Free collection of rare books from the on-display library for hands-on history tours


The central branch has launched ‘Hands-On History’, giving greater access to one of Philly’s best hidden gems.

Check out the free library’s collection of rare books. Photograph by Claudia Gavin

At some point in your life, you’ve probably read at least a few Charles Dickens novels, albeit only under duress in college. Oliver twist. A tale of two cities.

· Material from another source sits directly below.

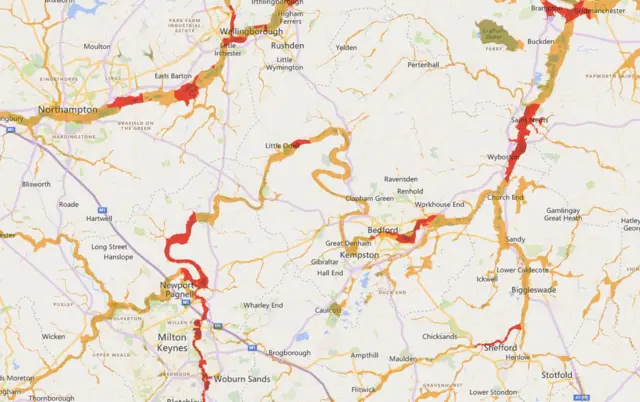 Map showing the flooding alerts in Bedfordshire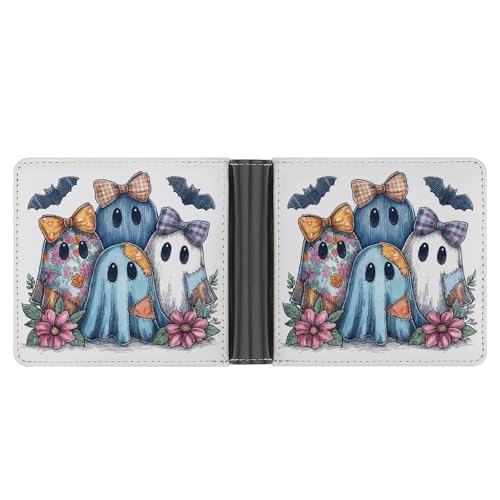 Cute Ghost with Fabric Bow Soft PU Leather Bifold Wallet, Coin Purse Credit Pass Case, Durable Card-Holder Slim Billfold for Men Woman Money Storage3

Ebenezer Scrooge and his holiday ghosts at A Christmas Carol. But you probably didn’t know that some of the author’s original manuscripts and illustrations, and even the desk he wrote on, are here in Philly.

The central branch of the free library has one of the most diverse rare book collections of any public library in the country. There are thousands of medieval manuscripts, tablets dating from 5,000 years ago, tens of thousands of American children’s books, and original works by Edgar Allan Poe and Beatrix Potter, to name a few. -a. The public has long been able to make appointments for research projects, organize group tours, or take one of the free tours, but earlier this year library staff jumped on the programming bandwagon. and launched ‘Hands-On History’, where monthly themes (like the evolution of the detective story) inspire people to interact with the collection. (Not to mention just being in the rare books department on the third floor of the 1927 building is something worth experiencing.)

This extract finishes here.